The SSA provides two legitimate resources worth knowing about:
My Social Security account (at ssa.gov) lets you view your actual earnings record and see an estimated benefit figure the SSA has already calculated based on your real data. This is the most accurate estimate most people can access before filing.
The SSA's online SSDI estimator can give you a rough projection, but it uses assumptions about your future work history that may not apply if you've already stopped working due to disability.
Neither tool is a calculator you fill in from scratch — they draw from SSA records. That's important, because any third-party "SSDI calculator" that asks you to enter numbers manually is producing a rough approximation, not an official figure.
Your PIA is the starting point, but several factors can change what you actually receive:
Years in the workforce. The AIME formula uses 35 years of earnings.
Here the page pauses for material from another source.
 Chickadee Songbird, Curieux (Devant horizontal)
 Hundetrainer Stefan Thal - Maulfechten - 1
If you worked fewer than 35 years, the SSA fills in zeros for missing years — pulling your average down. Someone who became disabled early in their career typically receives less than someone with a longer work history.
Earnings level. Higher lifetime wages produce a higher AIME, which produces a higher benefit — but with diminishing returns at the upper bend point.
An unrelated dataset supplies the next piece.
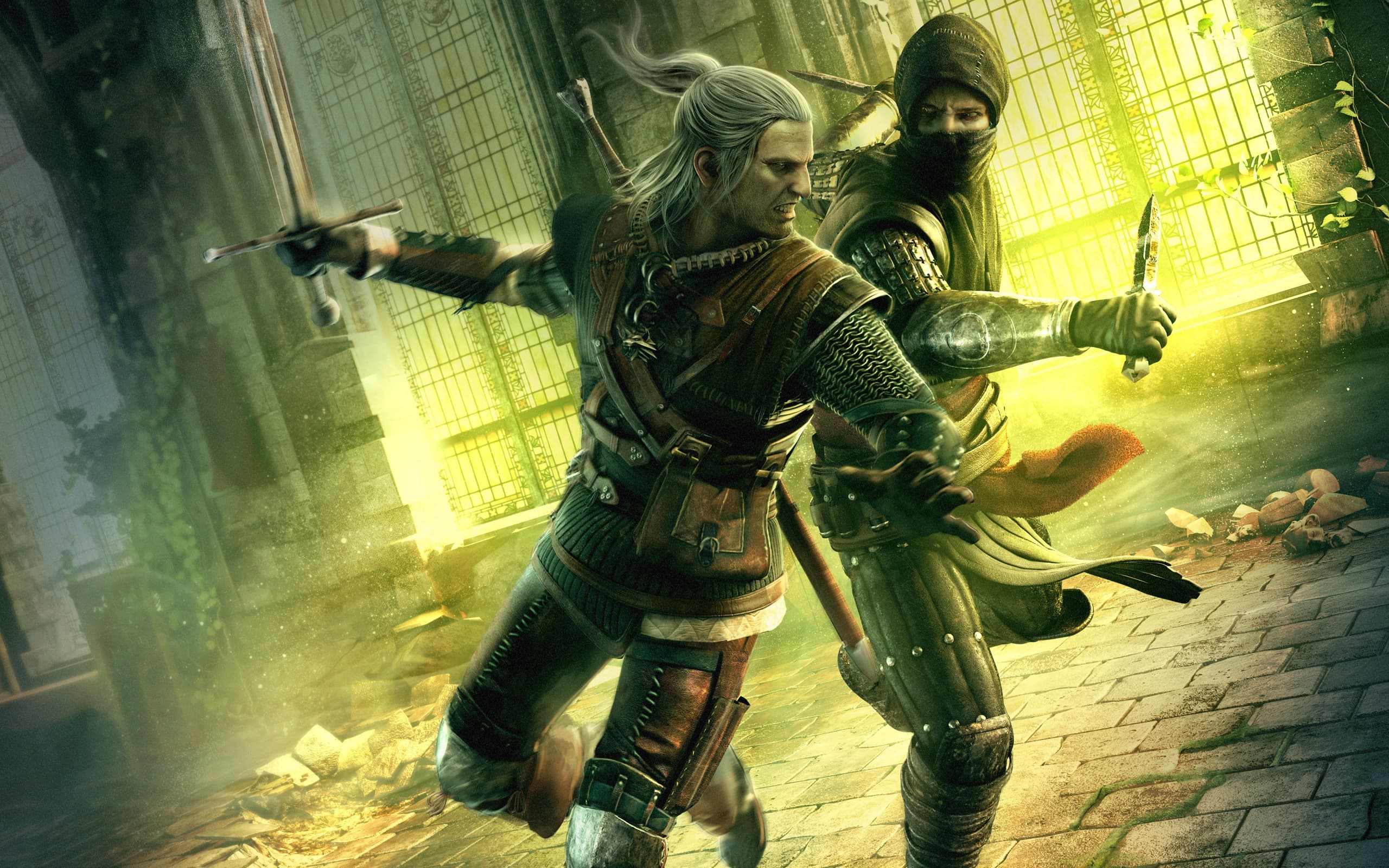 The Witcher 2: Assassins of Kings Enhanced Edition artwork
Age at onset. SSDI benefits are not reduced for age the way early Social Security retirement benefits are. But if you apply at a younger age with fewer work years, your earnings history may be shorter.
Family benefits. If you have a spouse or dependent children, they may qualify for auxiliary benefits based on your record. Each eligible family member can receive up to 50% of your PIA, subject to a family maximum — typically between 150% and 180% of your PIA total.
Offsets and reductions. If you receive workers' compensation or certain public disability benefits, your SSDI payment may be reduced through what's called a workers' comp offset. SSI recipients may also see adjustments based on income and resources, though SSI and SSDI are separate programs with different rules.
Cost-of-living adjustments (COLAs). Once approved, your benefit is not frozen. The SSA adjusts SSDI payments annually based on inflation. In recent years, COLAs have ranged from modest to significant — but they are announced each October and are not guaranteed to be any specific amount.
As of 2024, the average SSDI payment for a disabled worker is approximately $1,537 per month. That number gets cited often — but it describes the middle of a wide range, not a reliable prediction for any individual.
Some recipients receive less than $800/month. Others receive more than $2,000/month. The spread is wide because it reflects decades of varied earnings histories across millions of people.
The maximum possible SSDI benefit in 2024 is $3,822/month — but reaching that figure requires a sustained, high-earning work history. Most recipients fall well below that ceiling.
Here's what online calculators cannot account for: your actual SSA earnings record, any gaps or errors in that record, whether you're currently working and how that affects your AIME projection, how auxiliary benefits apply to your family structure, and whether any offsets apply to your situation.
The formula itself is consistent and public. The inputs — your specific earnings record, your work history timeline, your household — are unique to you.
That's the gap no general calculator closes. Understanding how the math works is genuinely useful. Knowing exactly where your numbers land inside that formula requires the SSA to run them against your actual record.